## TASK
These records contain pictures, which must be left out; copy exactly the lines from the one with "It's very simple, just" up to and including the one with "Thank you for".

## SUPPLIED MATERIAL
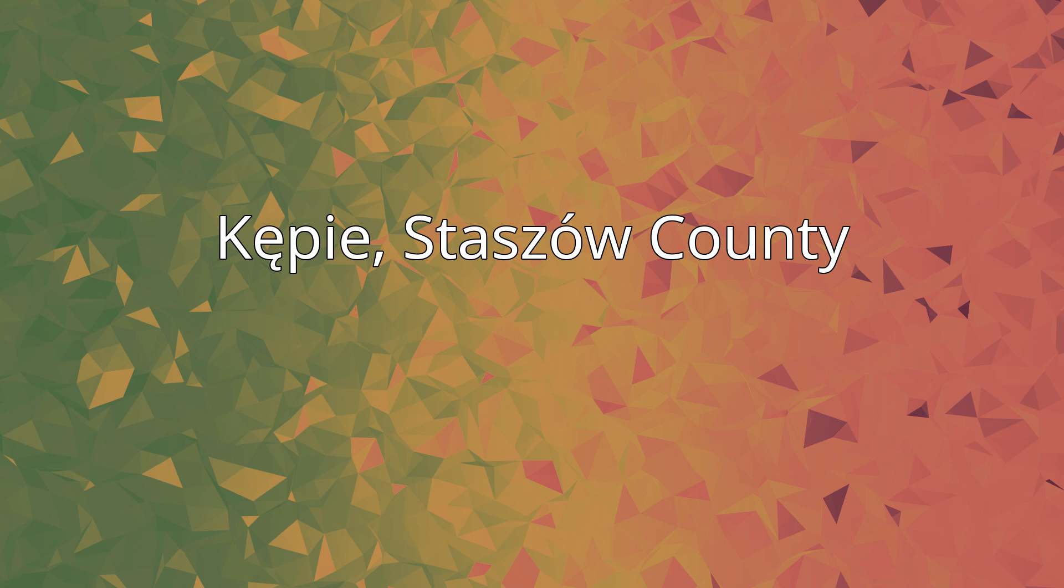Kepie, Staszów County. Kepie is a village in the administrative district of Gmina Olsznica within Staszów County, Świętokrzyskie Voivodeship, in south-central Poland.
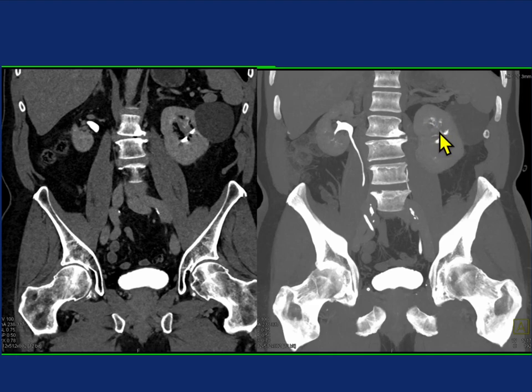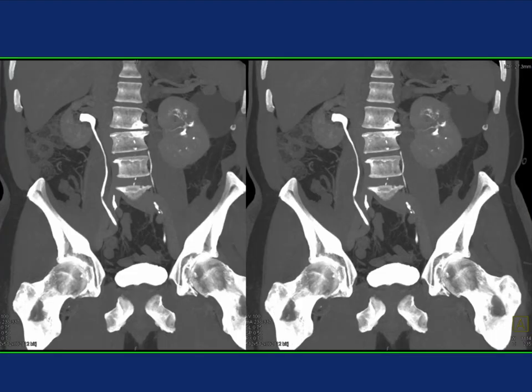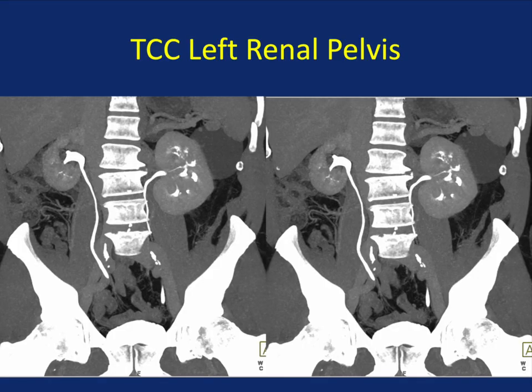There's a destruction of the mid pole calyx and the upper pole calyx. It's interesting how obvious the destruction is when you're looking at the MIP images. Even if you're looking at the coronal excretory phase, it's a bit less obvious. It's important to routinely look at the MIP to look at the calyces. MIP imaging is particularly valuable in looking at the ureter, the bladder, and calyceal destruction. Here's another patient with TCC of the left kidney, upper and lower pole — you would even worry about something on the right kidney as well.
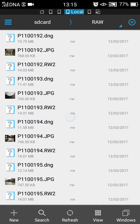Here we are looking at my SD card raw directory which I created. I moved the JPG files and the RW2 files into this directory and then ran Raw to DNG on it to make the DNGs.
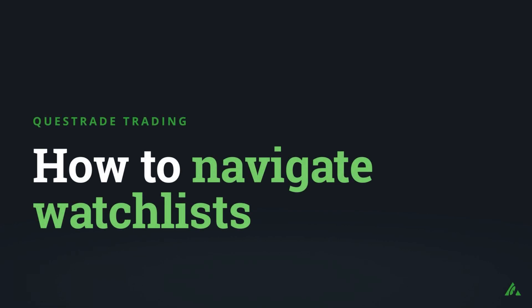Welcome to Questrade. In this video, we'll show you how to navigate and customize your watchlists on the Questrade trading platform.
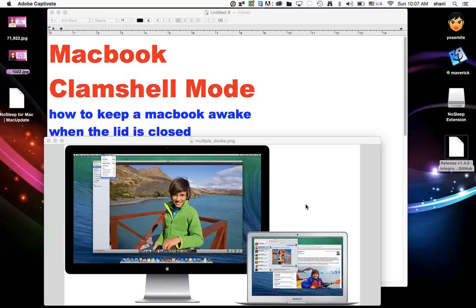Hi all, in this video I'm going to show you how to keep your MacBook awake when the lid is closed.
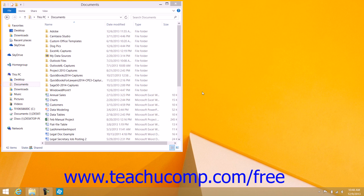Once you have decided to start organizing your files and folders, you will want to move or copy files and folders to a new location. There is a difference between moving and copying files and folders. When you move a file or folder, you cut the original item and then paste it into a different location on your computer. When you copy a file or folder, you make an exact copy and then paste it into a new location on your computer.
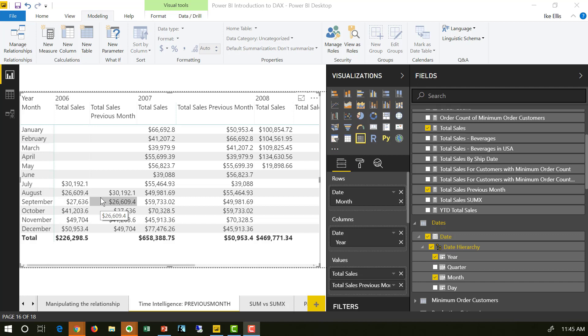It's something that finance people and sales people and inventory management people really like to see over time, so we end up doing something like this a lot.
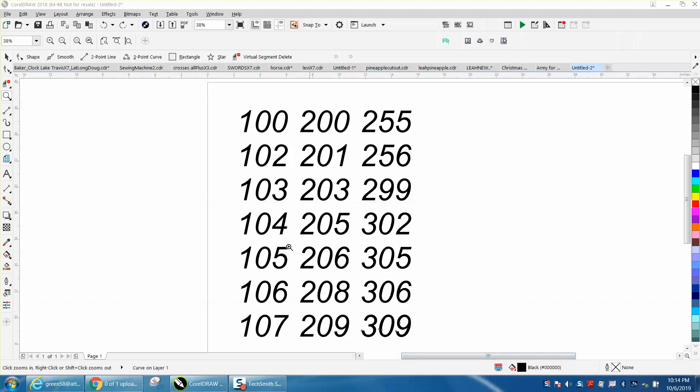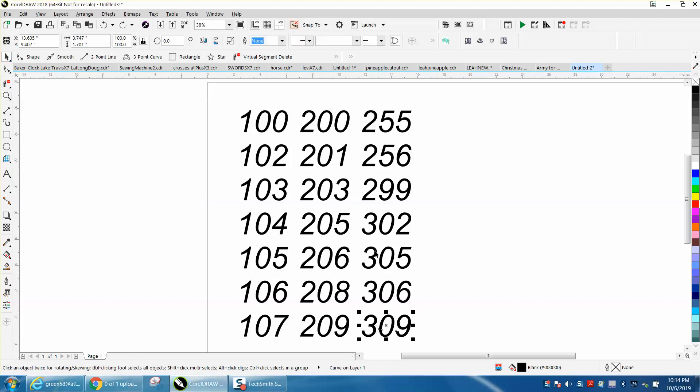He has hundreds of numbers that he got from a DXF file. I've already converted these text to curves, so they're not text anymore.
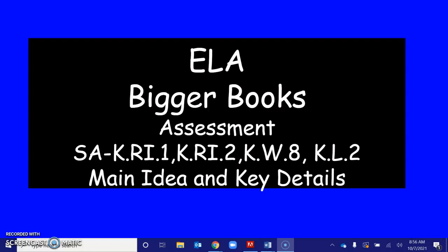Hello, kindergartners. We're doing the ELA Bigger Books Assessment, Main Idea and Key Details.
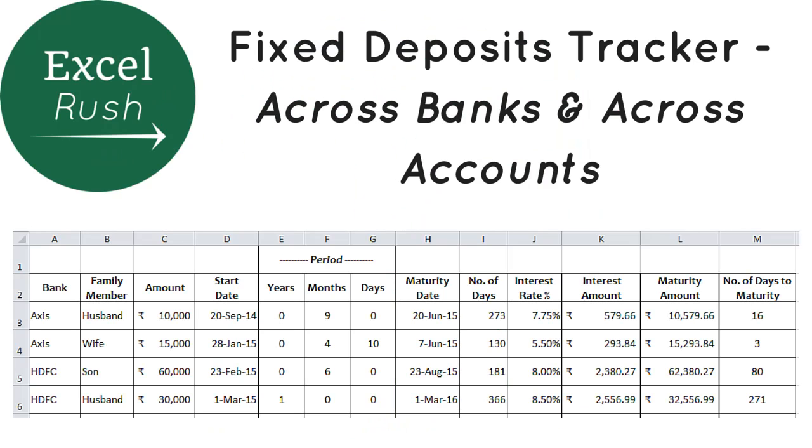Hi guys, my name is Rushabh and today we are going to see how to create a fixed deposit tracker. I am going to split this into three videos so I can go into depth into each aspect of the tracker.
...
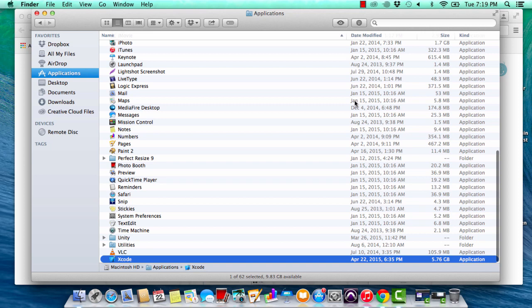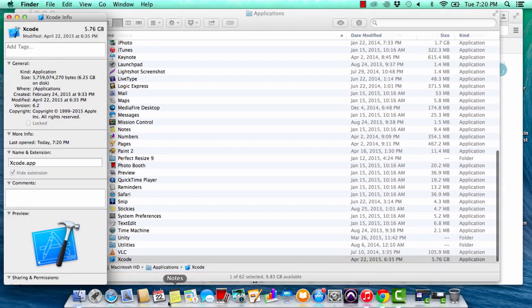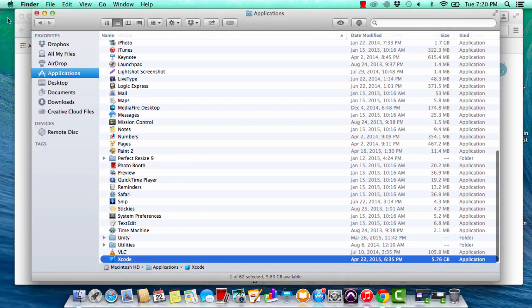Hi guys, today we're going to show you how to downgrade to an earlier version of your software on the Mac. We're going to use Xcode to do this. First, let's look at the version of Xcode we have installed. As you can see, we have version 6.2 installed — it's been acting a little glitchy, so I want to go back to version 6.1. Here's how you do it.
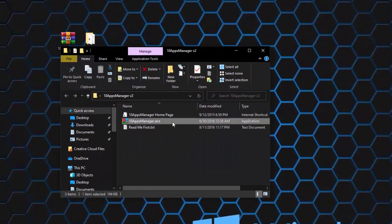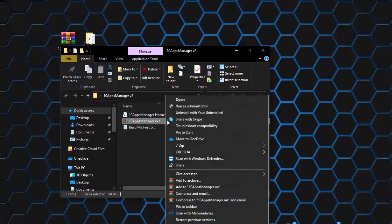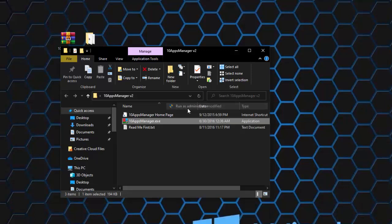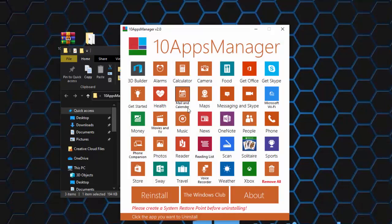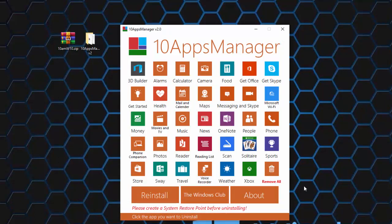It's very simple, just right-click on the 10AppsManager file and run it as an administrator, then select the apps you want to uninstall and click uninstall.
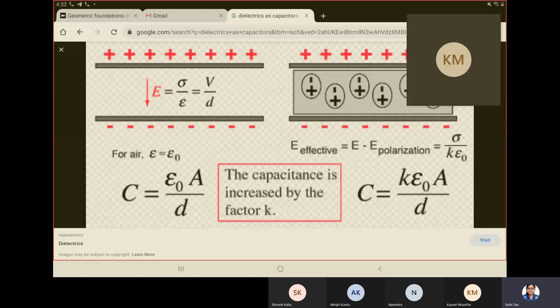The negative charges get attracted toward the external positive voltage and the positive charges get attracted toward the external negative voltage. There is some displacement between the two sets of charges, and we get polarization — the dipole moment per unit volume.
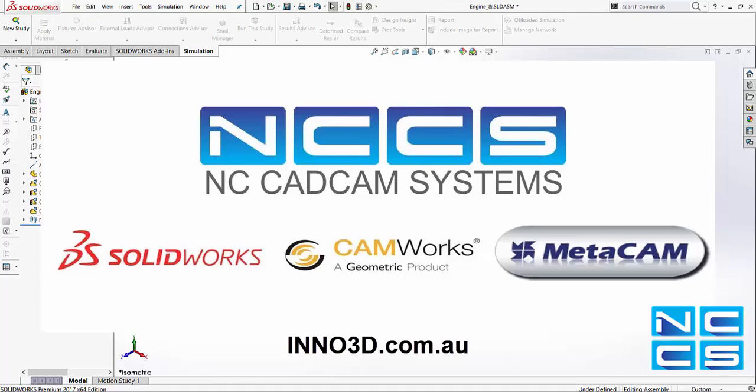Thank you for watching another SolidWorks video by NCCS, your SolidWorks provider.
---
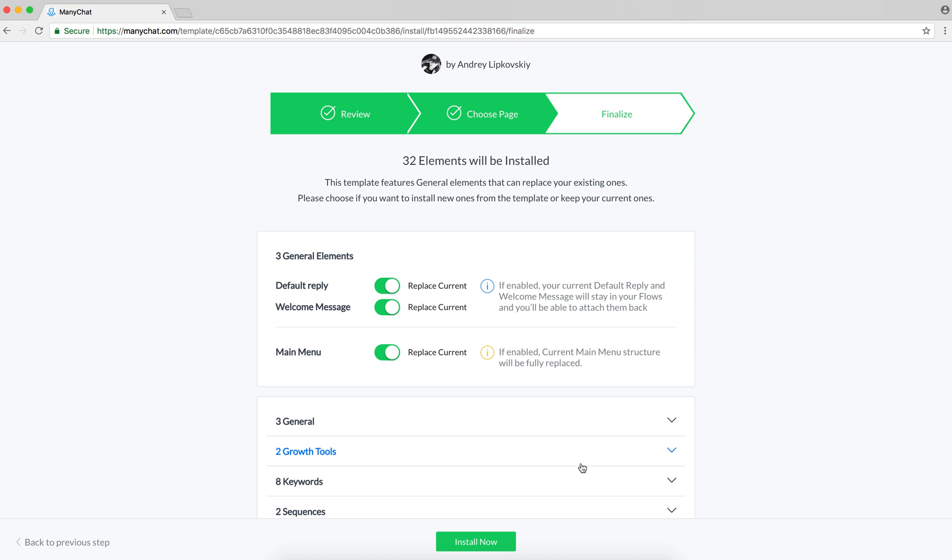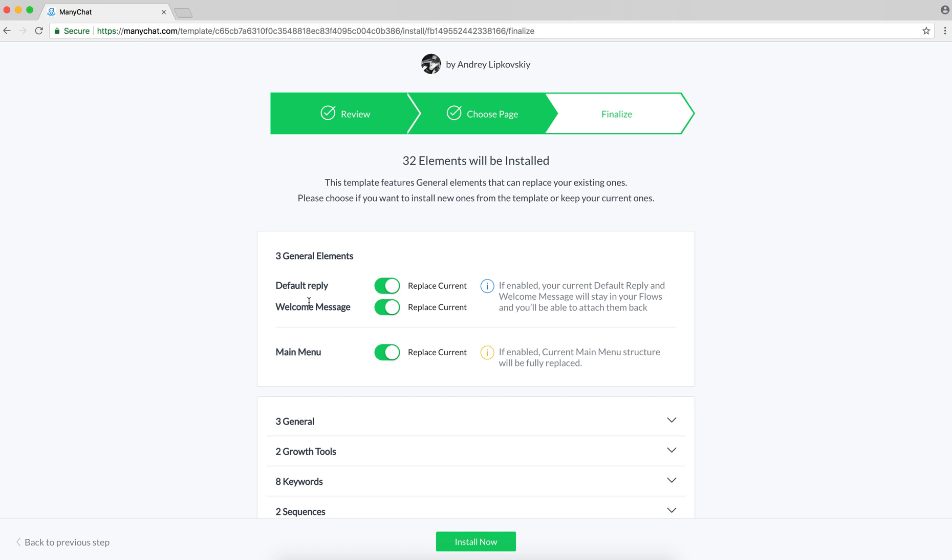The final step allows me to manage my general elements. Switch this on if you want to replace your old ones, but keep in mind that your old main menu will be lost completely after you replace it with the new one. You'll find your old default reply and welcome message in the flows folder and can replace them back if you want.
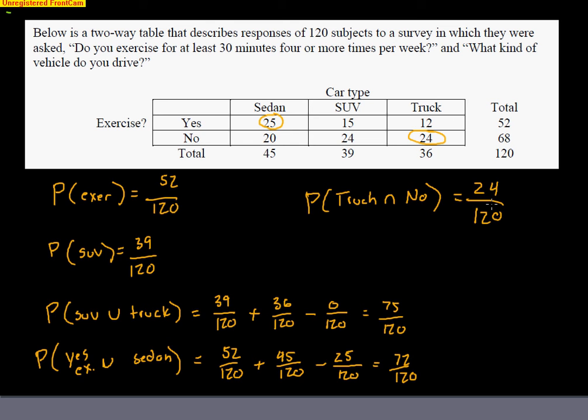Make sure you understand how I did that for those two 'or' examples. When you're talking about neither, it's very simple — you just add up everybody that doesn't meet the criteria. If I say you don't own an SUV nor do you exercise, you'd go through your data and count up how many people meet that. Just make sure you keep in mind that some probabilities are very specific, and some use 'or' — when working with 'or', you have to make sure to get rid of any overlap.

## ANSWER TO THIS PROBLEM
It's very simple, just right-click on the 10AppsManager file and run it as an administrator, then select the apps you want to uninstall and click uninstall.
The negative charges get attracted toward the external positive voltage and the positive charges get attracted toward the external negative voltage. There is some displacement between the two sets of charges, and we get polarization — the dipole moment per unit volume.
Thank you for watching another SolidWorks video by NCCS, your SolidWorks provider.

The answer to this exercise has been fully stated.